Assigned task ▸
Give the listing again character for character, but drop the images.

Input ▸
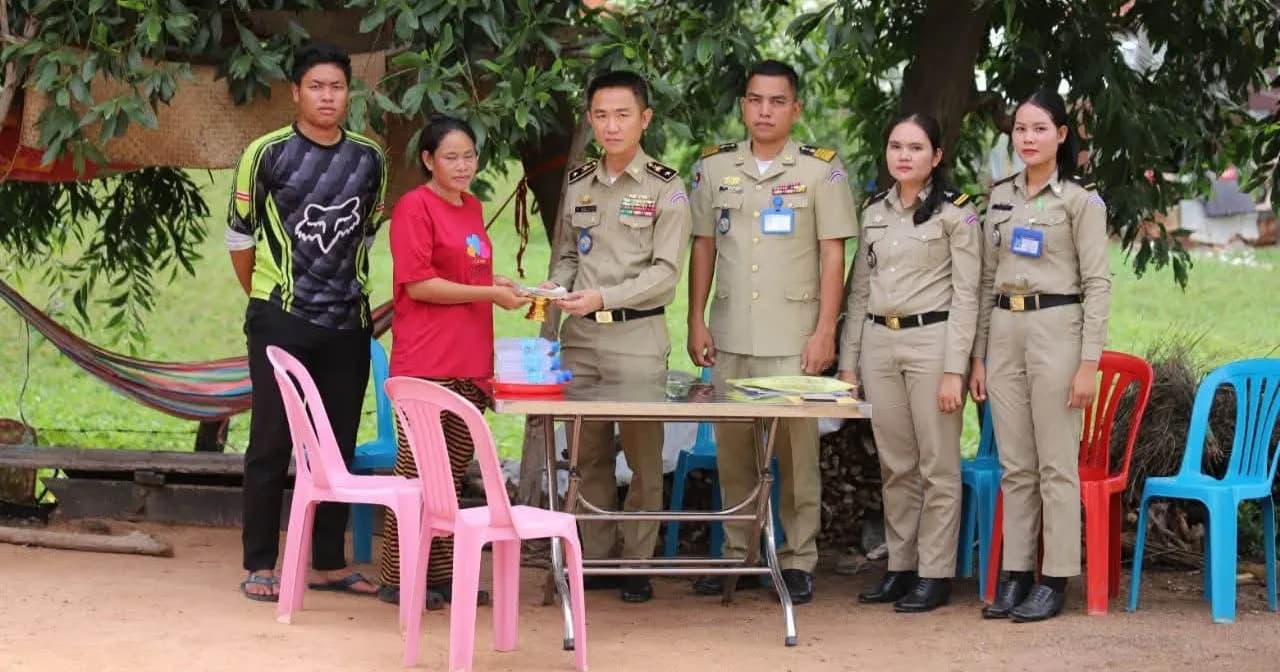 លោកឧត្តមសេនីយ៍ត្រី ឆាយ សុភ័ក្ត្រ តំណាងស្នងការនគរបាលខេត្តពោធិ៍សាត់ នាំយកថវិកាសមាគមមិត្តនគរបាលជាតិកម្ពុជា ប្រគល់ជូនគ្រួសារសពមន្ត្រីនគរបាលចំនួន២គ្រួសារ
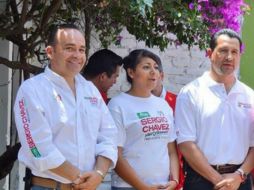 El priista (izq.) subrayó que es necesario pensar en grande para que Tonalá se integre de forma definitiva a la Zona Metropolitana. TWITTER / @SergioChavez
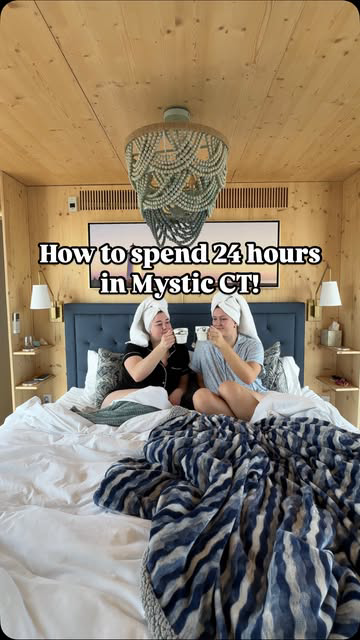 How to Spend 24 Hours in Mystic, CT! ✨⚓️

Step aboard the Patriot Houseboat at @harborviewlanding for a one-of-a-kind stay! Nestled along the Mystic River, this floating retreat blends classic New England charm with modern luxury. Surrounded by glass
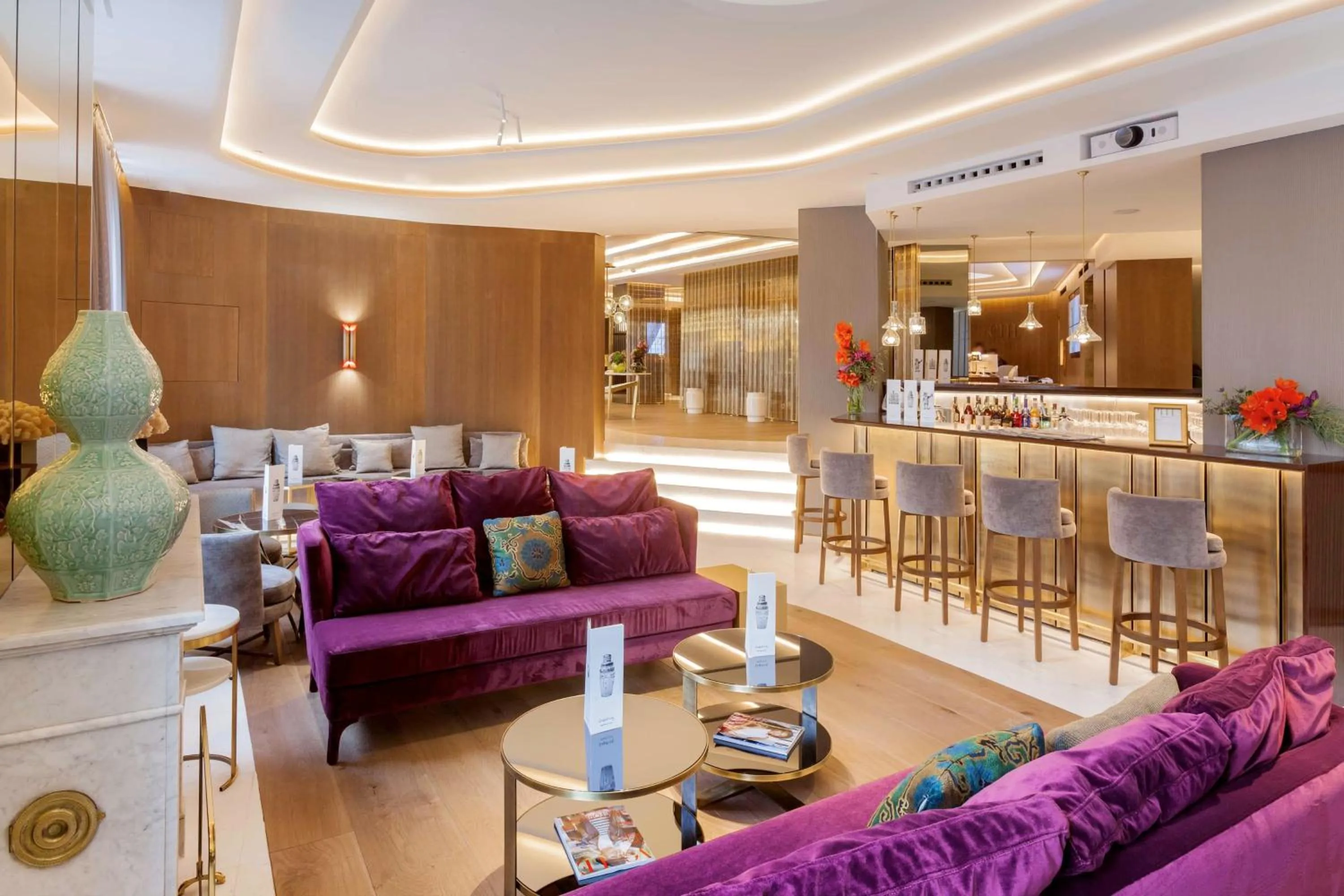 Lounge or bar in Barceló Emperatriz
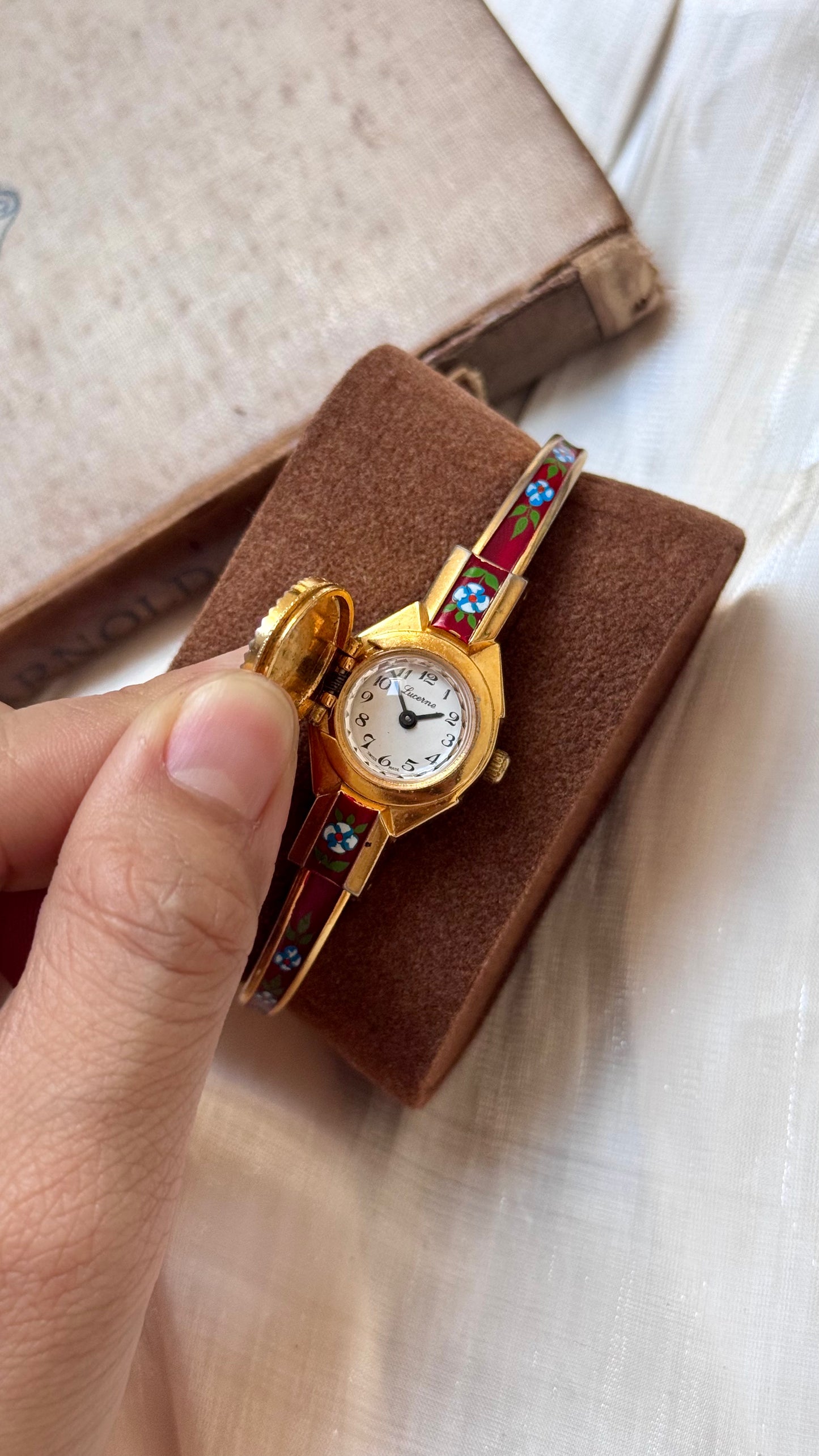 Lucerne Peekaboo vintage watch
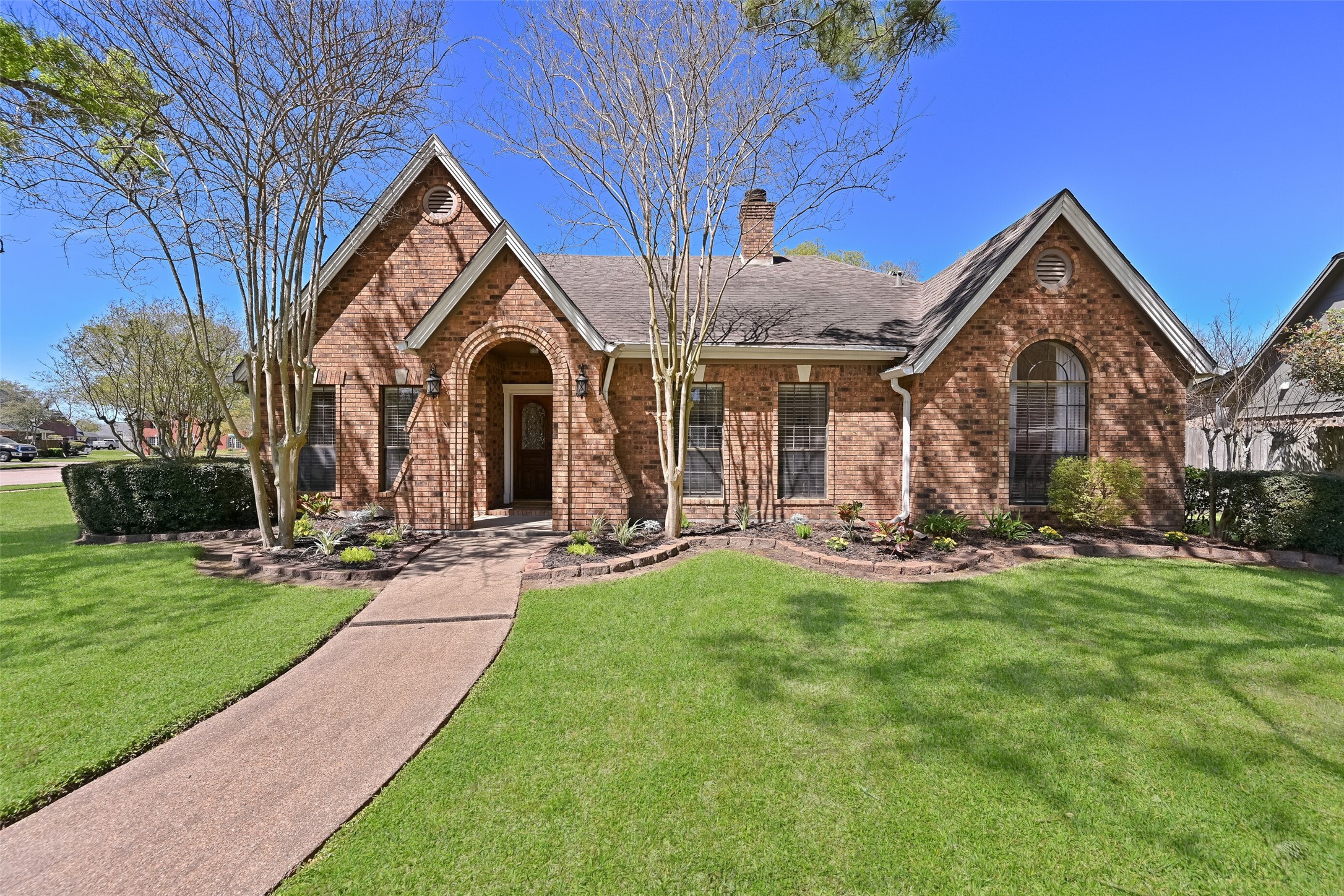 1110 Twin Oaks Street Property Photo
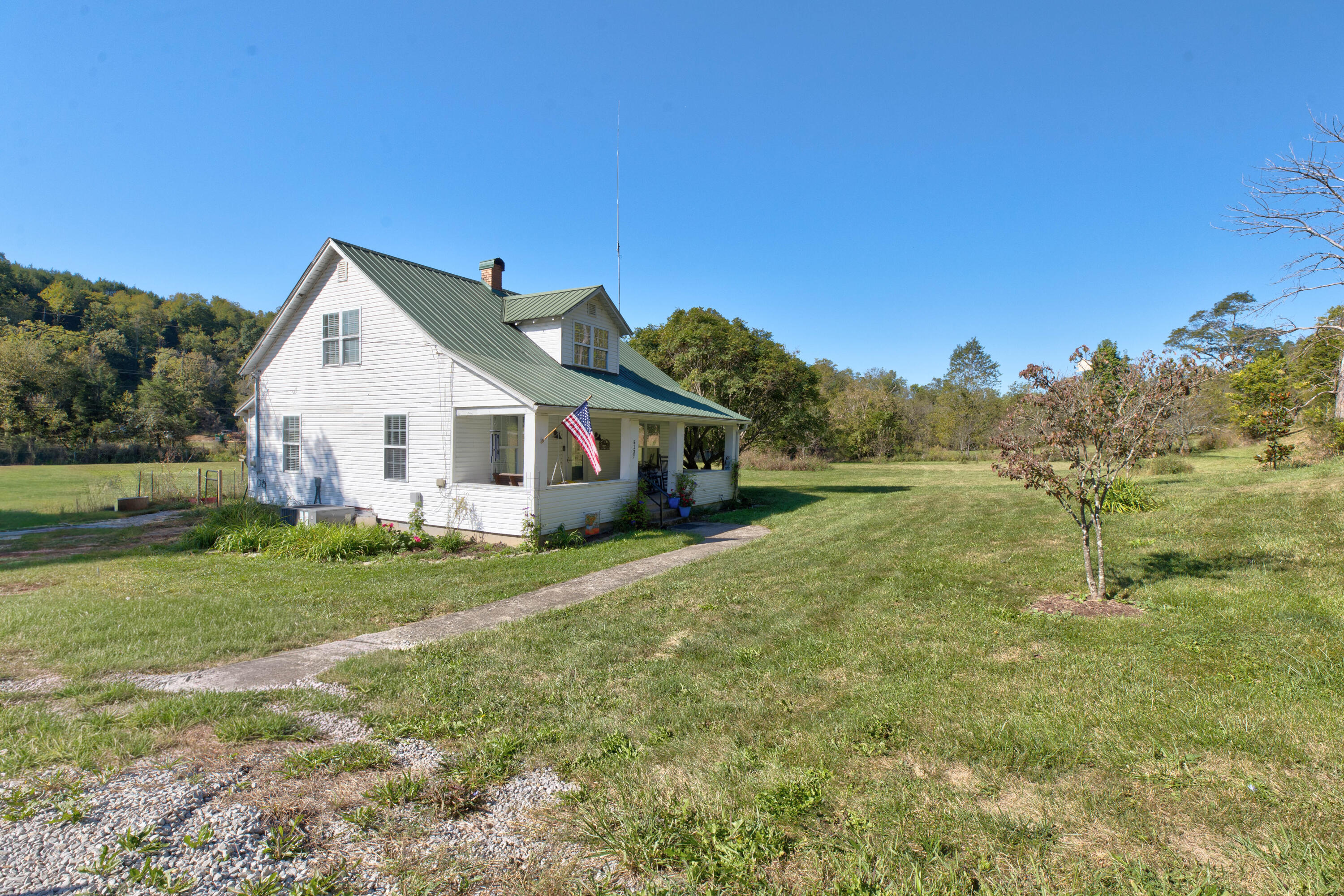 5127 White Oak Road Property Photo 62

Output below ▸
 លោកឧត្តមសេនីយ៍ត្រី ឆាយ សុភ័ក្ត្រ តំណាងស្នងការនគរបាលខេត្តពោធិ៍សាត់ នាំយកថវិកាសមាគមមិត្តនគរបាលជាតិកម្ពុជា ប្រគល់ជូនគ្រួសារសពមន្ត្រីនគរបាលចំនួន២គ្រួសារ
 El priista (izq.) subrayó que es necesario pensar en grande para que Tonalá se integre de forma definitiva a la Zona Metropolitana. TWITTER / @SergioChavez
 How to Spend 24 Hours in Mystic, CT! ✨⚓️

Step aboard the Patriot Houseboat at @harborviewlanding for a one-of-a-kind stay! Nestled along the Mystic River, this floating retreat blends classic New England charm with modern luxury. Surrounded by glass
 Lounge or bar in Barceló Emperatriz
 Lucerne Peekaboo vintage watch
 1110 Twin Oaks Street Property Photo
 5127 White Oak Road Property Photo 62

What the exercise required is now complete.